3 · Unified models, model–environment interaction, and the value of multimodal unification

If we return again to the model–environment formalization in Eq. (1) and Eq. (2), the third theme becomes more natural. The importance of unified models does not lie merely in placing multiple modalities within a single parameterized network, but in changing the structure of the environment in which the model learns. In the real world, observations, transitions, and feedback are usually not generated independently across modalities; rather, they are often jointly determined by a shared latent state. A more general learning system therefore requires not a set of isolated modality interfaces placed side by side, but unified representations that can enter the same interaction state and share the same dynamical constraints.

This is closely related to two broader views of intelligence. One influential view understands intelligence as a collection of skills across tasks (Chollet, 2019). Under this view, a system becomes more capable because it can solve problems across more domains and under more diverse forms of supervision and interaction. The recent development of large language models partly reflects this tendency. A representative example is the progress of code agents that can operate within command-line environments. In such environments, the observation space, action space, and feedback mechanism are unusually well aligned with discrete symbolic representations. Interaction trajectories are easy to record, and correctness is often straightforward to verify, so these environments provide dense and precise learning signals.

Another view, closer to the world-model perspective, holds that intelligence consists in acquiring an internal model of the structure and dynamics of the world. Recent work on world models (Tu et al., 2025) moves in this direction by seeking to learn richer environmental dynamics, thereby supporting stronger generalization and more realistic interaction. From this perspective, the question is not only how many tasks a model can solve, but whether it learns in an environment whose structure is rich enough to induce the right abstractions. The environment therefore becomes central: a model can only internalize the regularities that are actually present in the observations, transitions, and feedback it encounters.

This can also be written more formally. Let the observation at step \(t\) be multimodal,

\[ o_t = \big(o_t^{(1)},\, o_t^{(2)},\, \dots,\, o_t^{(M)}\big), \qquad o_t^{(m)} \in \mathcal{O}^{(m)}, \tag{7} \]

and suppose there exists a joint latent state

\[ z_t = \Phi\!\left(o_t^{(1)},\, \dots,\, o_t^{(M)}\right), \tag{8} \]

such that feedback and transition depend primarily on this joint state rather than on marginal factorizations over modalities:

\[ \xi_t,\, \omega_{t+1} \;\sim\; p\!\left(\xi_t,\, \omega_{t+1} \mid z_t,\, a_t\right). \tag{9} \]

If the true environmental dynamics satisfy

\[ p\!\left(\xi_t,\, \omega_{t+1} \mid o_t,\, a_t\right) \;\neq\; \prod_{m=1}^{M} p_m\!\left(\xi_t^{(m)},\, \omega_{t+1}^{(m)} \mid o_t^{(m)},\, a_t^{(m)}\right), \tag{10} \]

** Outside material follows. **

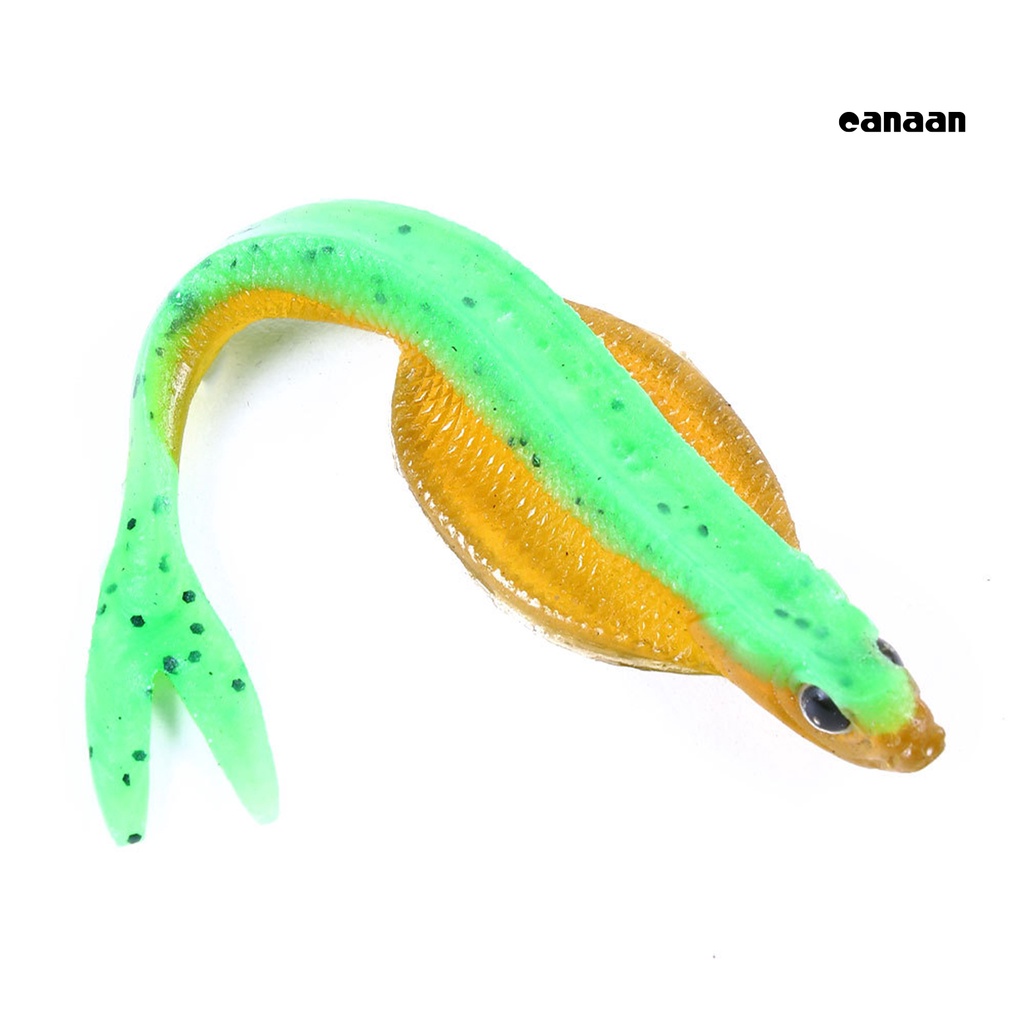 Cnn-5pcs 12 cm Bicolor Ekor Ganda Palsu Bionic Lure Umpan Ikan Lembut Aksesori Memancing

then the learning problem is structurally non-separable across modalities. In such a case, treating each modality as an independent channel and only combining them superficially is generally insufficient. The theoretical significance of unified models lies precisely in the fact that the environment itself is non-separable in the sense of Eq. (10): the regularities that determine useful feedback are joint regularities rather than regularities defined on the marginal distribution of each modality.

This clarifies why multimodal unification is not merely an engineering convenience. Its purpose is not simply to process multiple data types with one backbone, but to allow the model to learn in an environment whose observation, transition, and supervision structure more faithfully reflects the coupled regularities of the real world. In such an environment, both inputs and outputs may be multimodal; useful feedback may depend on how different modalities constrain each other jointly; and the learned internal state should ideally reflect these joint constraints.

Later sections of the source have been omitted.